In 1927 Léger executed several compositions on the subject of a still-life featuring a bunch of grapes and a fish, combined with abstract, geometrically shaped elements. Merging the traditionally opposed manners of figurative and abstract painting, in Grappe et poisson Léger created a dynamic composition that juxtaposes everyday objects and forms usually found in Léger’s still-lifes, with abstract forms such as the L-shaped bar resembling a ruler. The artist painted all elements of the composition in the same two-dimensional manner, thus emphasising the flatness of the picture plane. Even the recognisable commonplace objects are reduced to geometric shapes: the grapes are represented as overlapping circles, while the fish displays the same chequered pattern as the draughtboard featuring in several compositions painted the same year.

 

The elegant and clearly delineated composition of Grappe et poisson points to the impact of the Purism of Ozenfant and Le Corbusier on Léger’s painting during this time. A search for classical beauty and balance that characterised the so-called rappel à l’ordre influenced many avant-garde artists working in Europe in the aftermath of the First World War. During this time Léger focused his creative output on the still-life genre, combining everyday objects with elements of the natural world (fig. 2). Executed in large blocks of solid unmodulated pigment, the work encapsulates Léger’s belief in the key role of pure colour in his painting. Rather than representing a likeness of the world that surrounds him, the artist uses overlapping patches of colour as the principal element of the composition, creating new spatial relationships within the two-dimensional plane of the canvas.

 

Writing about Léger’s works of 1927, Douglas Cooper observed: ‘Gradually he exchanged the monumental for the living. The architectural elements disappeared and were replaced by scattered objects setting up a rhythm between themselves, while the space in which they moved was created by pushing the objects into the foreground and setting up a play of colours in the background. The objects are related to each other by means of carefully controlled chromatic values, by similar or opposing rhythms and by the use of lines of direction which weave in and out through the whole composition. Léger places his objects at just the right distance from each other: they are held there by virtue of the laws of harmony and rhythm’ (D. Cooper, Fernand Léger et le nouvel espace, London, 1949, p. XIV). In the present composition, Léger achieved this sense of rhythm through a juxtaposition of circular, straight and diagonal lines and a bright palette, set against a dark monochromatic background.

 

Léger himself explained the abstract element of his painting: ‘The realistic value of a work of art is completely independent of any imitative character.
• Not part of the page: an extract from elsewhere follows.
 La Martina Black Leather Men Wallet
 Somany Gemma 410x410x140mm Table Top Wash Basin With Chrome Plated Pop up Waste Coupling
This truth should be accepted as dogma and made axiomatic in the general understanding of painting. [...] Pictorial realism is the simultaneous ordering of three great plastic components: Lines, Forms and Colours. [...] the modern concept is not a reaction against the impressionists' idea but is, on the contrary, a further development and expansion of their aims through the use of methods they neglected. [...] Present-day life, more fragmented and faster moving than life in previous eras, has had to accept as its means of expression an art of dynamic divisionism; and the sentimental side, the expression of the subject (in the sense of popular expression), has reached a critical moment. [...] The modern conception is not simply a passing abstraction, valid only for a few initiates; it is the total expression of a new generation whose needs it shares and whose aspirations it answers’ (quoted in Dorothy Kosinski (ed.), Fernand Léger, 1911-1924, The Rhythm of Modern Life, Munich & New York, 1994, pp. 66-67).